Because NTHF relies on donations, the loss of corporate sponsors triggered the museum’s debt to the university, as ESU then covered the unpaid expenses.
“The ideal situation would be for there to be significant benefactors to support the hall of fame but right now the university does provide significant support,” Mehring said.
The hall of fame hopes to resolve its debt and temporarily ease its decreasing income with the sale of its former location, which it still possesses.
As stated in the report: “The NTHF currently owns a three-story vacant building at 1320 C of E Drive in Emporia, Kansas.
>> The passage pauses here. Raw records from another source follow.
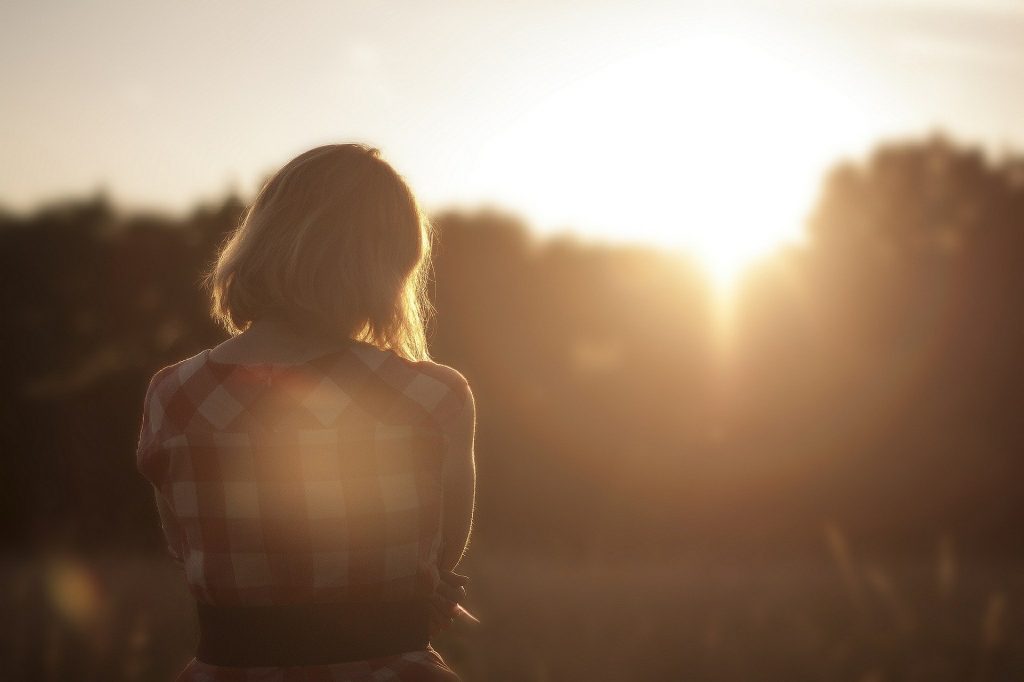 Person with shoulder length hair has back to camera and faces the sunset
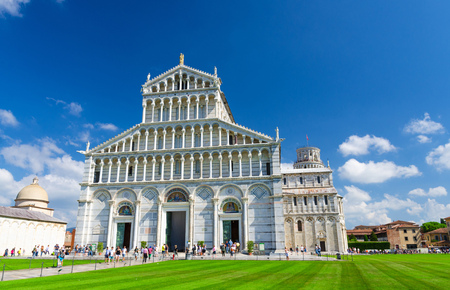 Pisa Cathedral Duomo Cattedrale and Leaning Tower Torre on Piazza del Miracoli square green grass lawn, blue sky with white clouds background in sunny day, Tuscany, Italyの写真素材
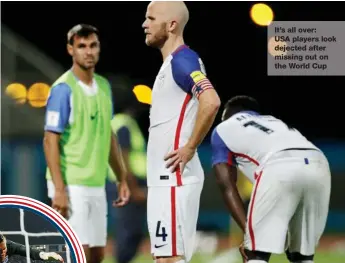  ??  ?? It’s all over: USA players look dejected after missing out on the World Cup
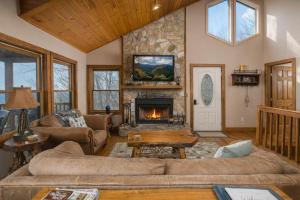 a living room with a fireplace and a stone wall at Serenity in Blowing Rock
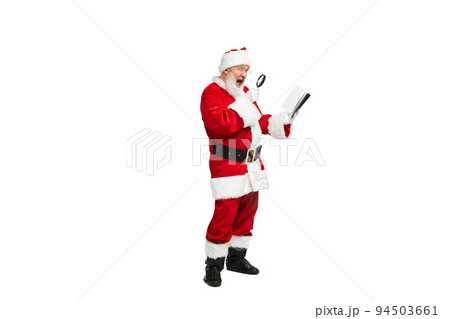 Portrait of senior man in image of Santa Claus looking on notes in magnifying glass isolated over white background 94503661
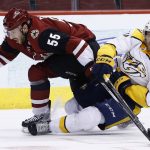 Arizona Coyotes defenseman Jason Demers (55) and Nashville Predators right wing Miikka Salomaki (20) become entangled during the first period of an NHL hockey game Thursday, March 15, 2018, in Glendale, Ariz. (AP Photo/Ross D. Franklin)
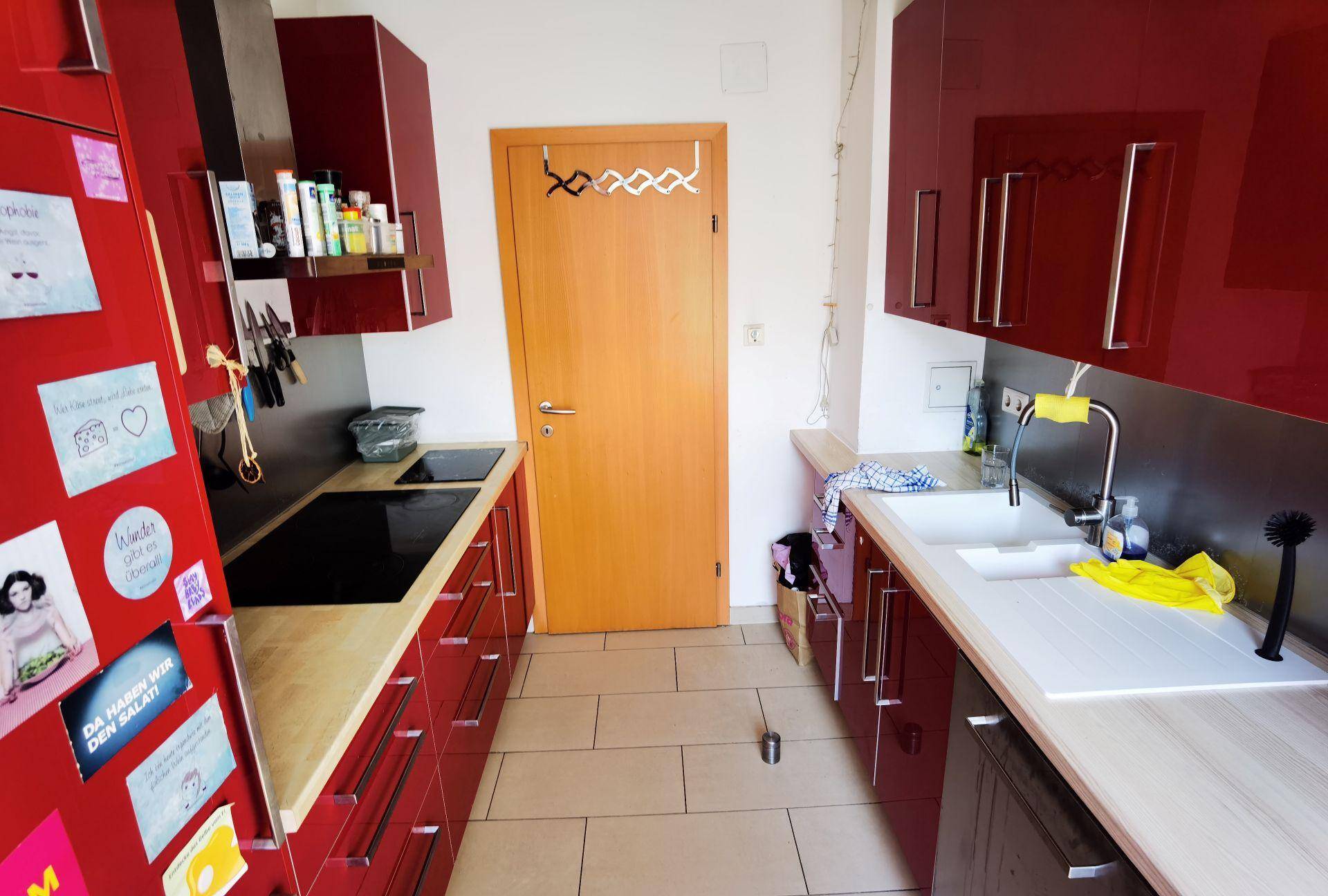 Funktionale Küche mit roten Schränken, Induktionskochfeld und Spülbereich.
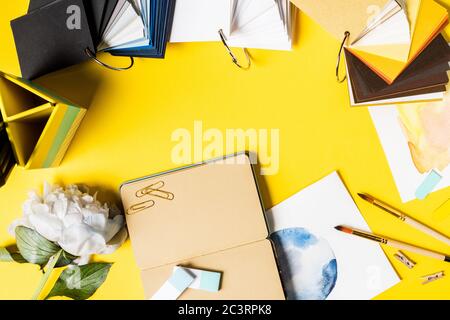 top view of paintbrushes, clips, paintings, blank notebook, flower and colorful palette on yellow Stock Photo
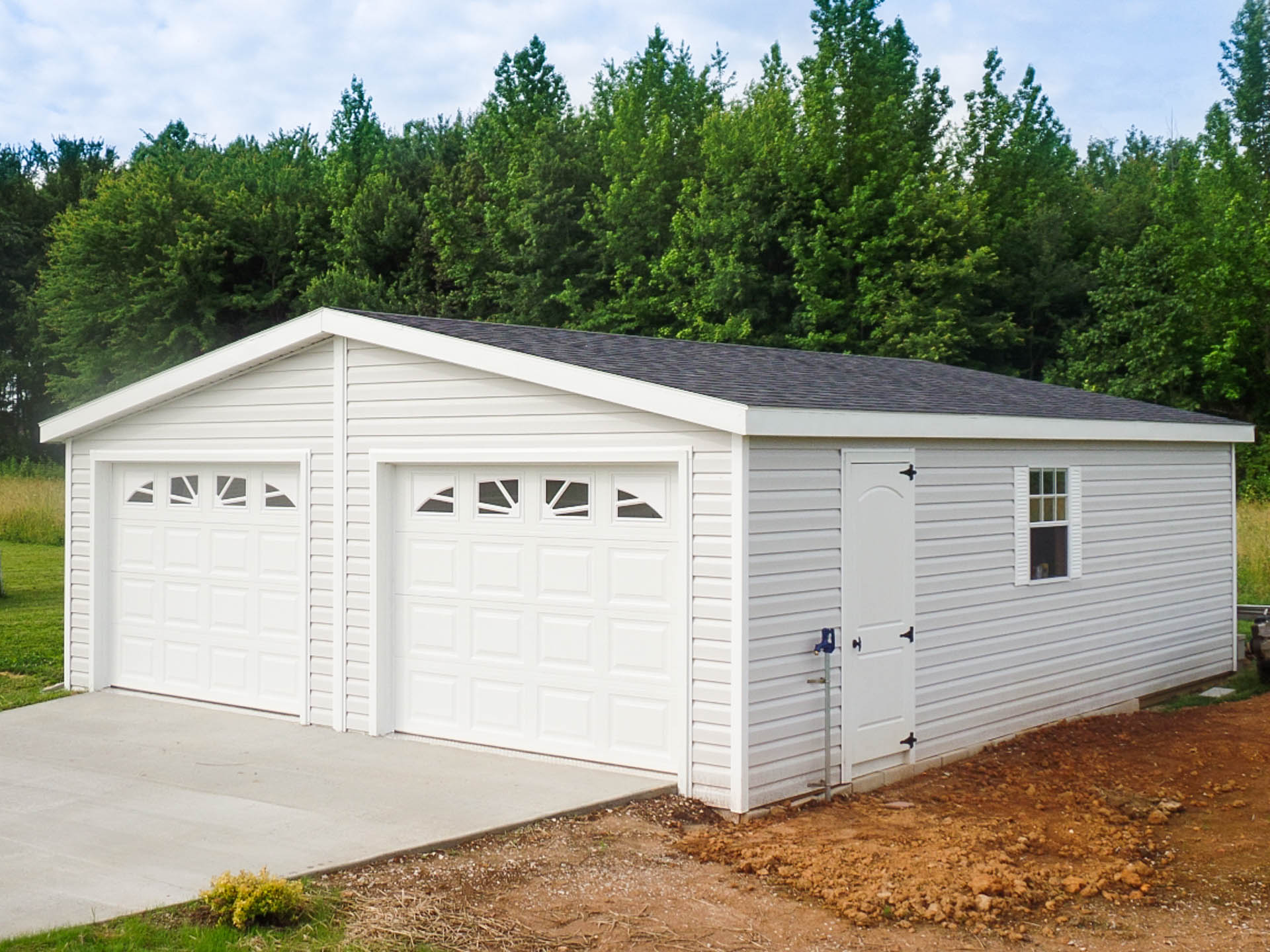 A double-wide modular garage with vinyl siding.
This building was donated to the NTHF in the early 1990s and NTHF occupied the second floor until July 20, 2006 when the NTHF Board of Directors voted to close the building and relocate the staff and equipment to offices on the Emporia State University campus due to budgetary constraints.”
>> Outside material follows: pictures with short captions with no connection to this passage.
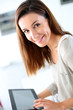 Young woman using electronic tablet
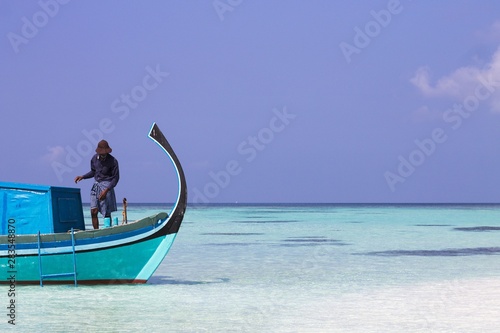 Ari Atoll, Maldives - 25 December 2018: A maldivian sailor is fishing on his boat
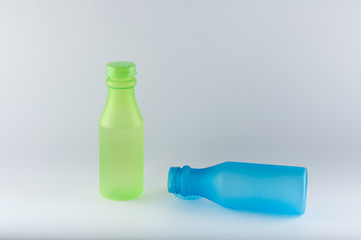 Green and blue plastic bottles on white background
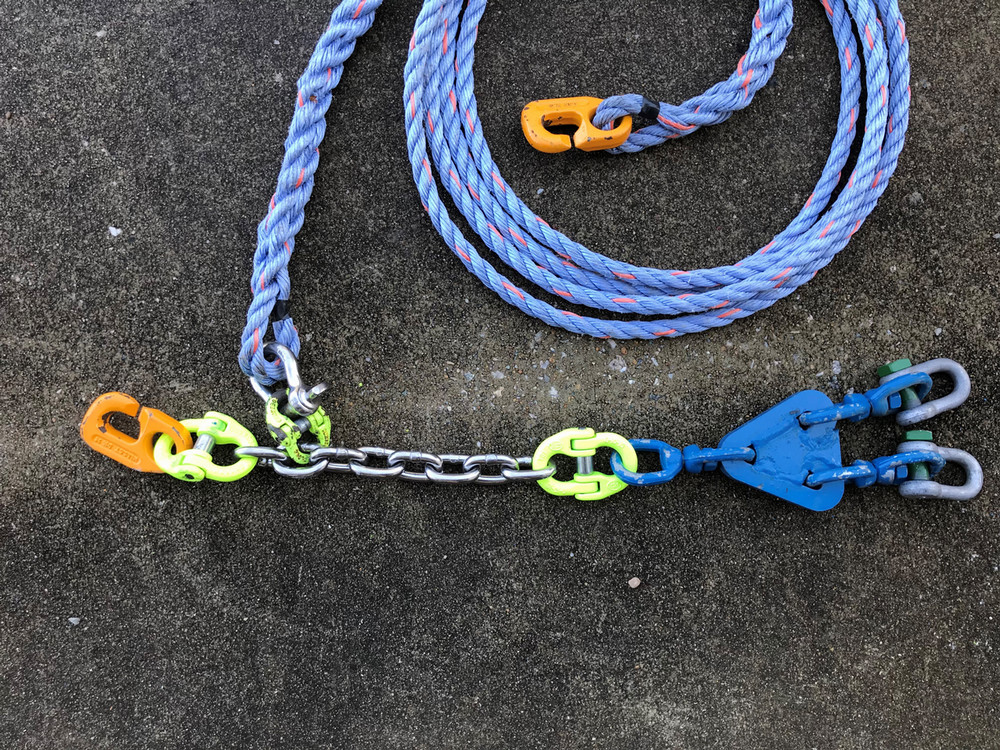 coiled rope attached to chain with links attached to swivel plate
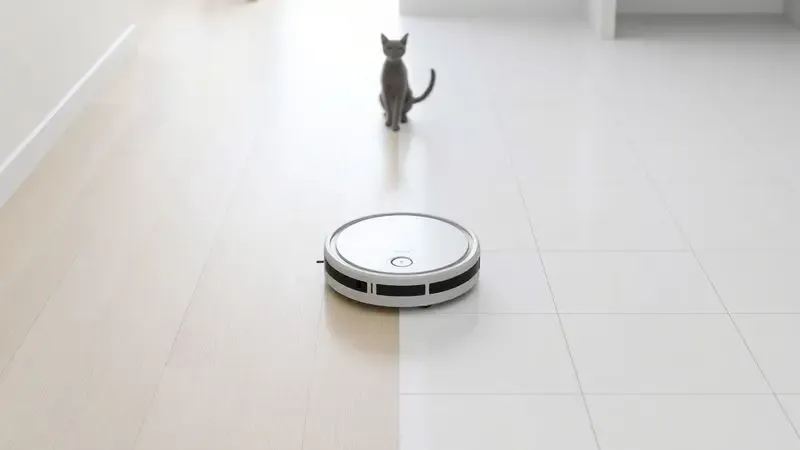 Ilustração de um robô aspirador transitando entre pisos de madeira e cerâmica em uma casa com a presença de um animal de estimação.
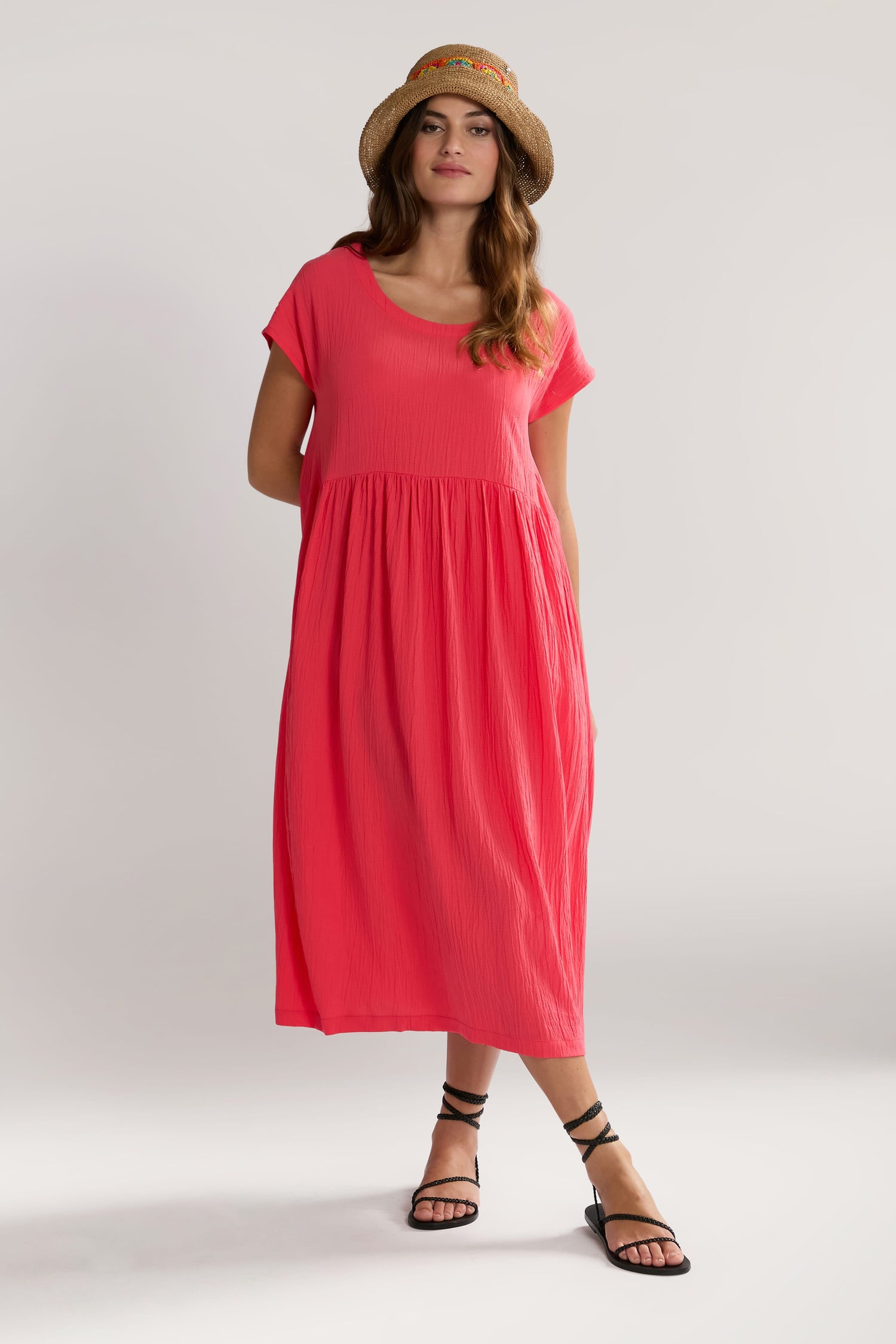 A woman stands wearing a bright pink Crinkle Viscose Bubble Dress with short sleeves, paired with black strappy sandals and a straw hat. She poses against a plain white background.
Mehring said the board also has other ideas to help relieve NTHF’s dependency on the university.
“There’s been some attempt to find somebody to buy that building, and that would go a long way towards fiscal solvency,” Mehring said. “One of the things we hope to be able to do is some fundraising just for the Hall of Fame which would be separate from what the university does.”
Director of NTHF Jenny Harder emphasized the museum’s significance and relevance to the city of Emporia and stated that unlike before, there is no intended relocation for the hall of fame.
“Emporia is the founding city of the National Teachers Hall of Fame and ESU was one of the founding organizations,” Harder said. “Naturally we would like to stay in the town where we were created; there are no plans to move the hall of fame at this time.”
Instead, the goal is that the NTHF become fiscally independent of the university while it continues to occupy space in Visser Hall.
“I think the ideal situation would be for the hall of fame to be a separate entity (without relocation),” Mehring said. “There are significant advantages for it to have an association with ESU, particularly given our national reputation in teacher education.”